The online “game” is being promoted in via Twitter ads in competitive House districts across the country, including in New Mexico where Rep. Steve Pearce, R-N.M., is being challenged by Democrat Roxanne “Rocky” Lara.
Meanwhile, the Republican National Committee is airing television commercials in New Mexico and 13 other “target Senate states” that shos American families talking about why they support Republican ideals. Some of the states, including New Mexico, are getting Spanish-language versions of the commercials. New Mexico’s version of the paid ad centers on the issue of school choice.
“My wife and I decided to home school our kids so we could be in charge of their education,” a man says as he looks into a camera. “But there’s lots of kids today stuck in failing schools just because of their zip codes, and that’s not fair. I came to America in search of opportunity, and opportunity has to start in our schools.
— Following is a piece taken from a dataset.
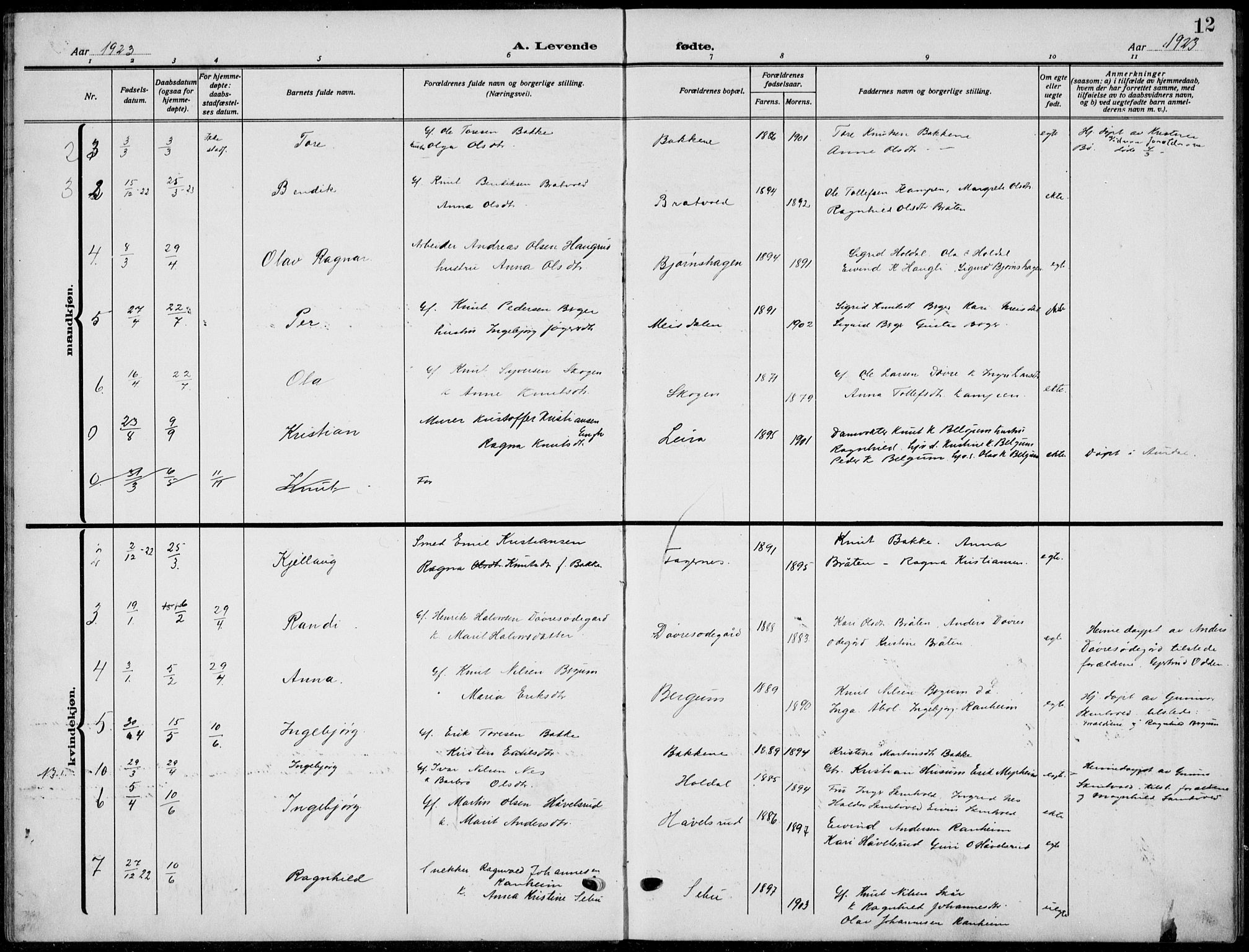 Nord-Aurdal prestekontor, AV/SAH-PREST-132/H/Ha/Hab/L0015: Klokkerbok nr. 15, 1918-1935, s. 12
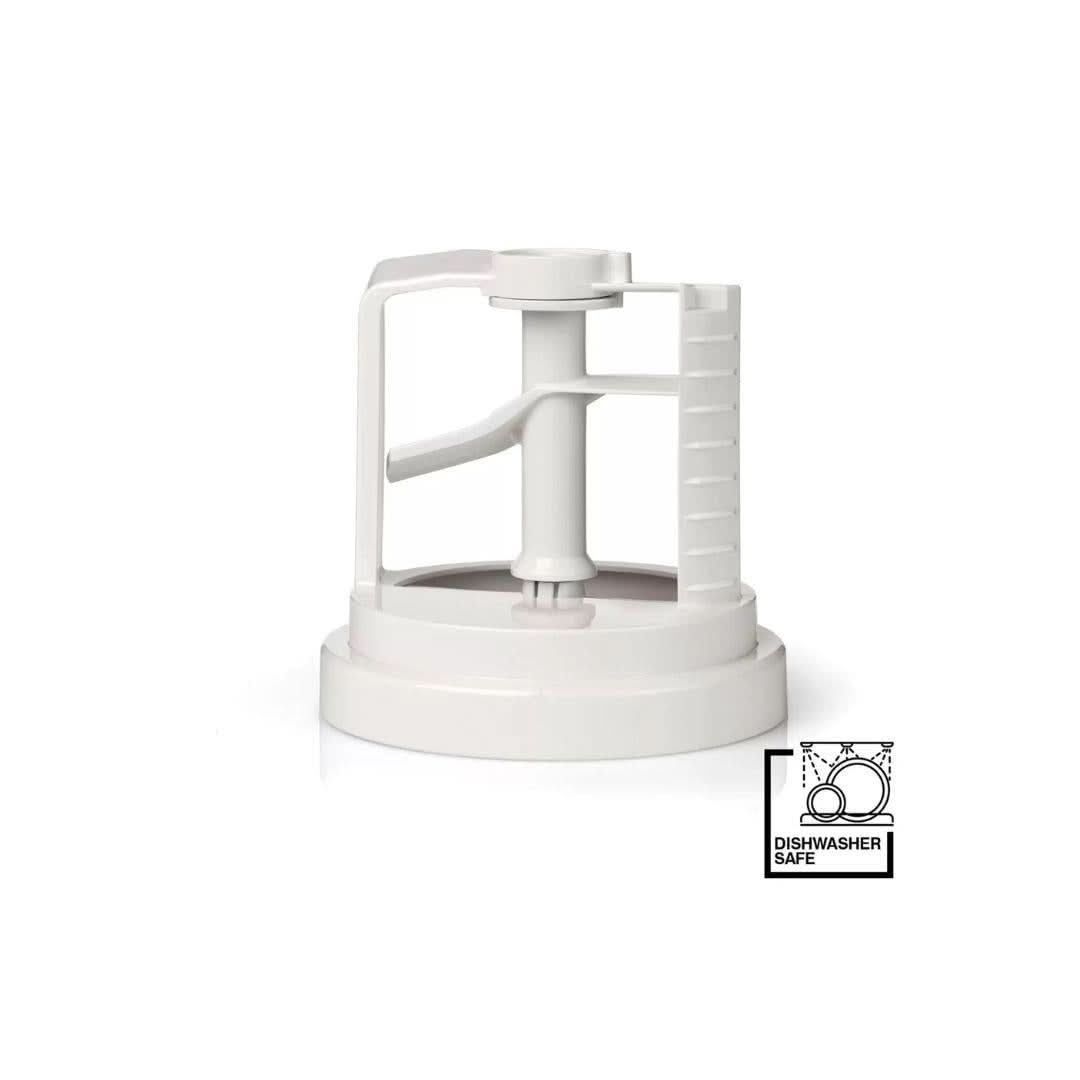 White plastic paddle accessory for Cuisinart ice cream maker, dishwasher safe design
I’m a Republican because a child’s future shouldn’t depend on a random number.”
Ali Pardo, the RNC’s Hispanic media press secretary, told the Journal the ads aim to appeal to Hispanic voters on Republican issues.
“The ads are part of a greater effort where the RNC is engaging with the Latino community early and often; we realize you can’t show up to a community three months prior to an election and earn the Latino vote,” Pardo said. “In New Mexico, we have a paid Hispanic staffer dedicated to identifying opportunities, engaging the community and conducting voter ID.”